● **What the task requires**
When you repeat the entries below, please keep them exact and leave out the pictures.
▬▬▬▬▬▬▬▬▬▬
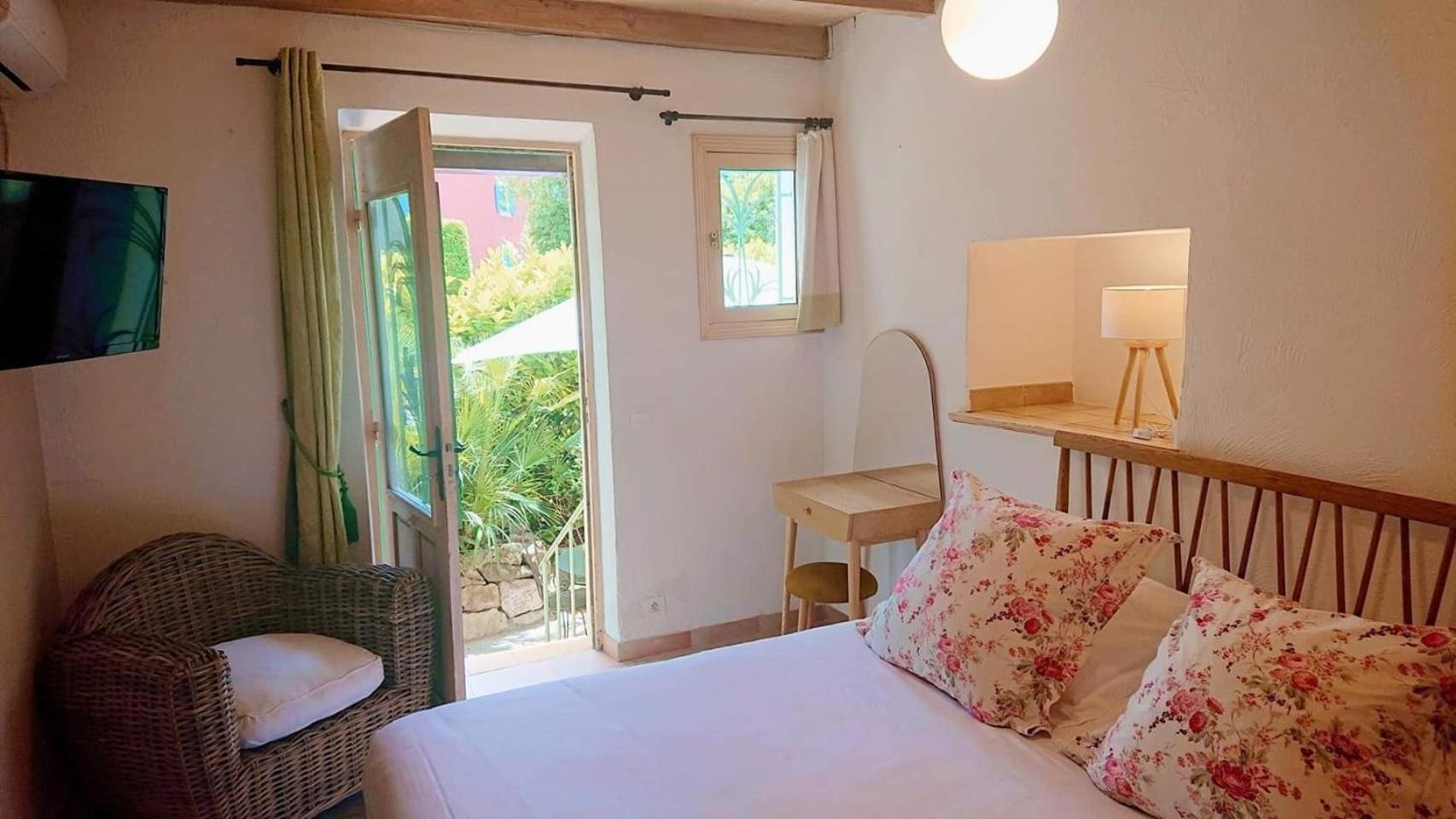 La Villa Roseraie , Hotel Familial Ouvert Toute L Annee Vence Room photo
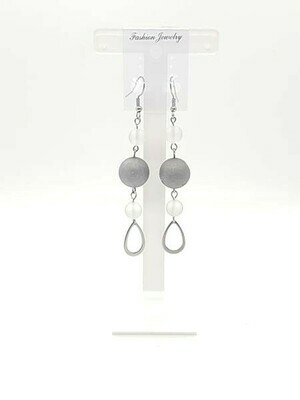 Boucles d&#39;oreilles Agate vaporisé &quot;argent&quot; et cristal de roche mat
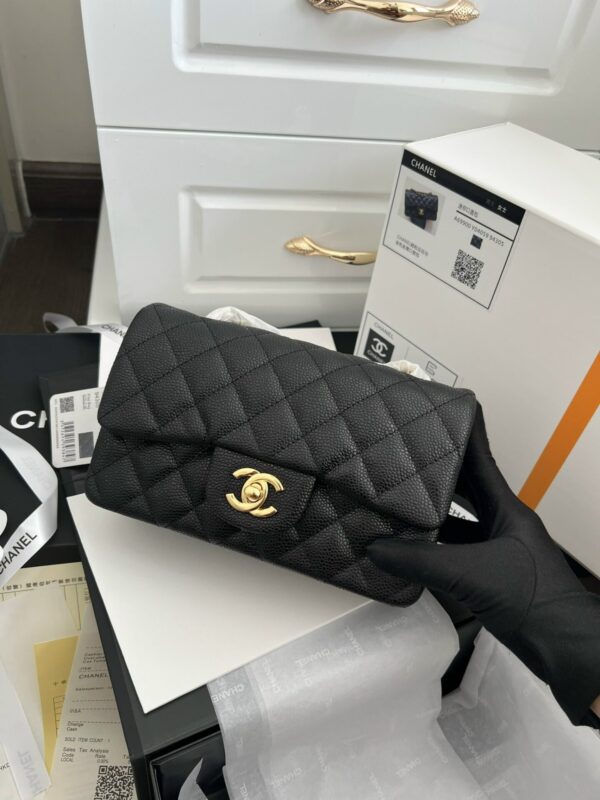 Túi Xách Chanel Medium Classic Siêu Cấp Màu Đen Khóa Vàng 20cm (1)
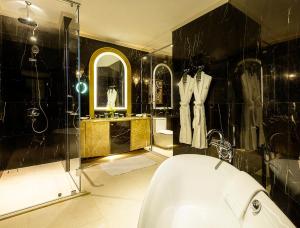 Bathroom sa Ezdan Palace Hotel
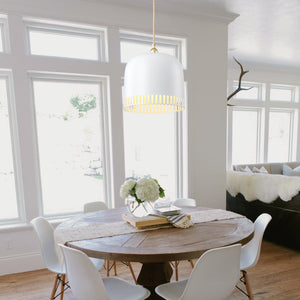 1-flammige Pendelleuchte aus goldfarbenem Eisen in halbkuppelförmigem Design mit mattweißem Metallschirm und Aushöhlungen für das Wohnzimmer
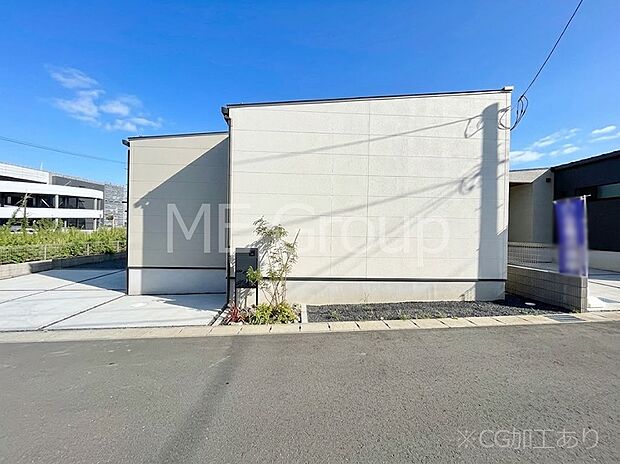 ◆2号棟◆~Exterior~ スタイリッシュで落ち着きのある外観が魅力の新築戸建て。住む人のライフスタイルに寄り添い、快適で上質な日常を叶えます。毎日の帰宅が楽しみになる理想の住まいです。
▬▬▬▬▬▬▬▬▬▬
● **Exercise solution**
 La Villa Roseraie , Hotel Familial Ouvert Toute L Annee Vence Room photo
 Boucles d&#39;oreilles Agate vaporisé &quot;argent&quot; et cristal de roche mat
 Túi Xách Chanel Medium Classic Siêu Cấp Màu Đen Khóa Vàng 20cm (1)
 Bathroom sa Ezdan Palace Hotel
 1-flammige Pendelleuchte aus goldfarbenem Eisen in halbkuppelförmigem Design mit mattweißem Metallschirm und Aushöhlungen für das Wohnzimmer
 ◆2号棟◆~Exterior~ スタイリッシュで落ち着きのある外観が魅力の新築戸建て。住む人のライフスタイルに寄り添い、快適で上質な日常を叶えます。毎日の帰宅が楽しみになる理想の住まいです。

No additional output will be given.